**Problem description**
Could you print all of the data below again, exactly?

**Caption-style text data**
....

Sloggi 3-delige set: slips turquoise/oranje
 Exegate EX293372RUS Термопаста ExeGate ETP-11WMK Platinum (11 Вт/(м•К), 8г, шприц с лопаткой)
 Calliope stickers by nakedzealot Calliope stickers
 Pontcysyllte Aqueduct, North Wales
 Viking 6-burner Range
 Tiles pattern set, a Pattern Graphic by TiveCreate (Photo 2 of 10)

....

**Task response**
Sloggi 3-delige set: slips turquoise/oranje
 Exegate EX293372RUS Термопаста ExeGate ETP-11WMK Platinum (11 Вт/(м•К), 8г, шприц с лопаткой)
 Calliope stickers by nakedzealot Calliope stickers
 Pontcysyllte Aqueduct, North Wales
 Viking 6-burner Range
 Tiles pattern set, a Pattern Graphic by TiveCreate (Photo 2 of 10)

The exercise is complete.